■ **Task directions**: Only the lines from the one containing "Beacon Flush Mount" through the last line of the data below belong in your answer, copied exactly and without pictures.

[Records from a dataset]
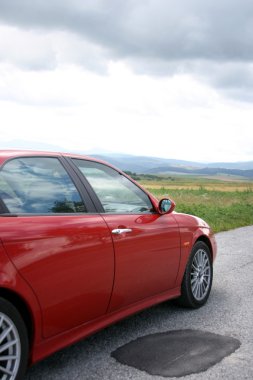 Alfa Romeo on the road in Slovakia clipart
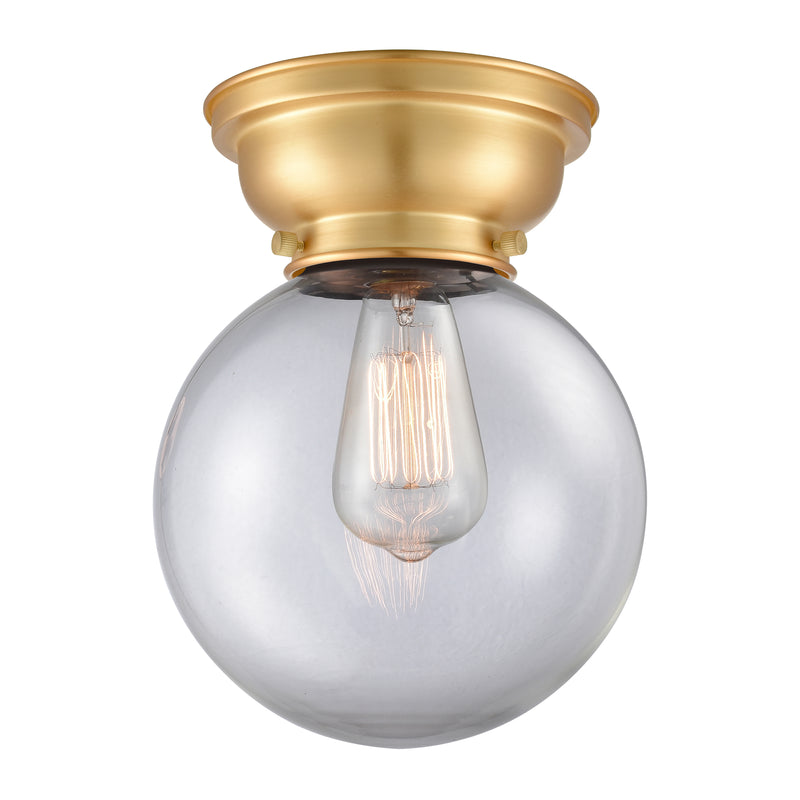 Beacon Flush Mount shown in the Satin Gold finish with a Clear shade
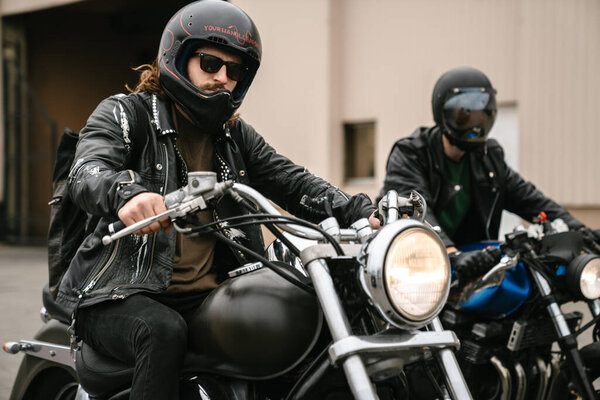 Photo of bearded brutal men bikers on bikes wearing helmets looking at camera outdoors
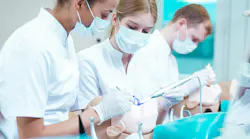 dental hygiene students working on a manikin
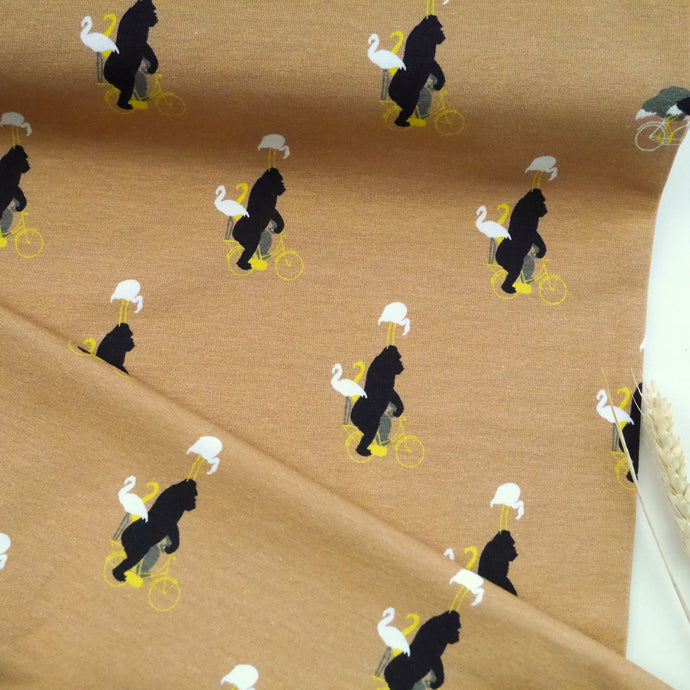 Fabric softly folded shows French Terry fabric with silhouettes of animals on bicycles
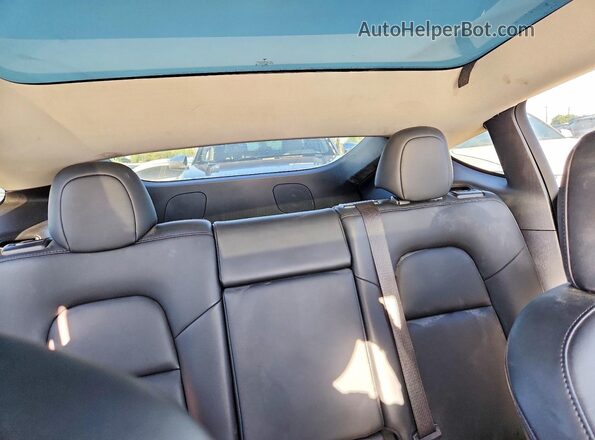7SAYGDEF4NF490568 2022 TESLA MODEL Black Rear interior view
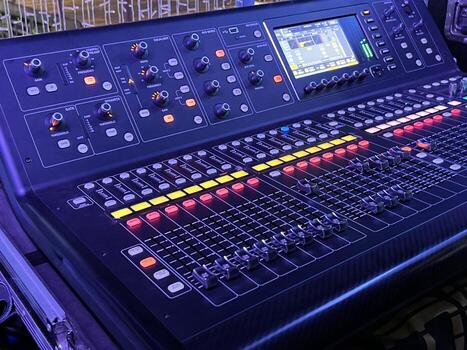 Closeup and crop of knobs with button of sound music mixer control panel in party purple lights. photo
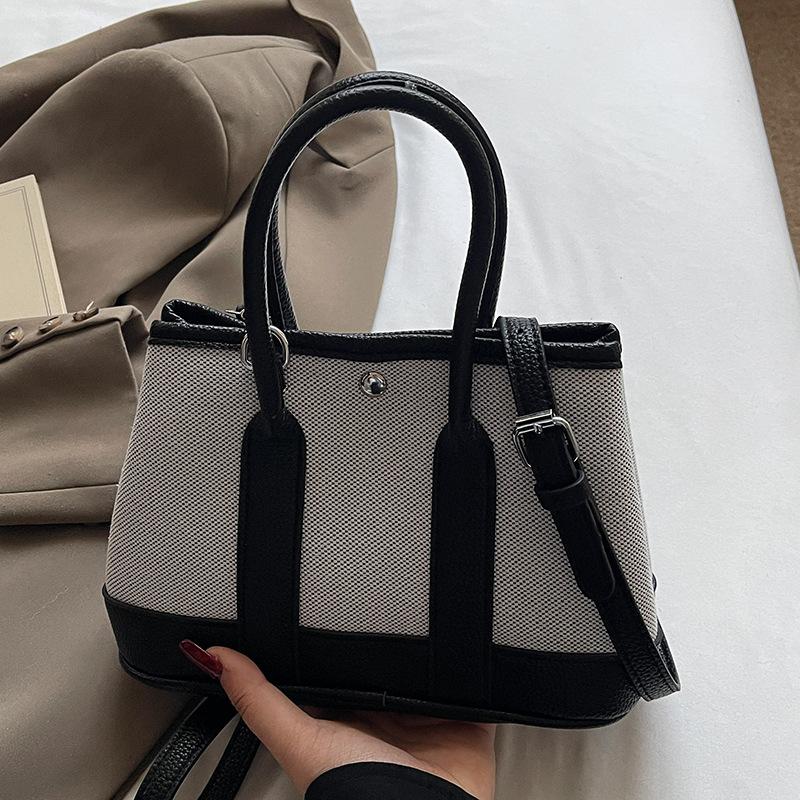 Wholesale Korean version of casual niche contrasting color portable bucket bag commuting versatile simple personality messenger women's bag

■ **Exercise output**:
 Beacon Flush Mount shown in the Satin Gold finish with a Clear shade
 Photo of bearded brutal men bikers on bikes wearing helmets looking at camera outdoors
 dental hygiene students working on a manikin
 Fabric softly folded shows French Terry fabric with silhouettes of animals on bicycles
7SAYGDEF4NF490568 2022 TESLA MODEL Black Rear interior view
 Closeup and crop of knobs with button of sound music mixer control panel in party purple lights. photo
 Wholesale Korean version of casual niche contrasting color portable bucket bag commuting versatile simple personality messenger women's bag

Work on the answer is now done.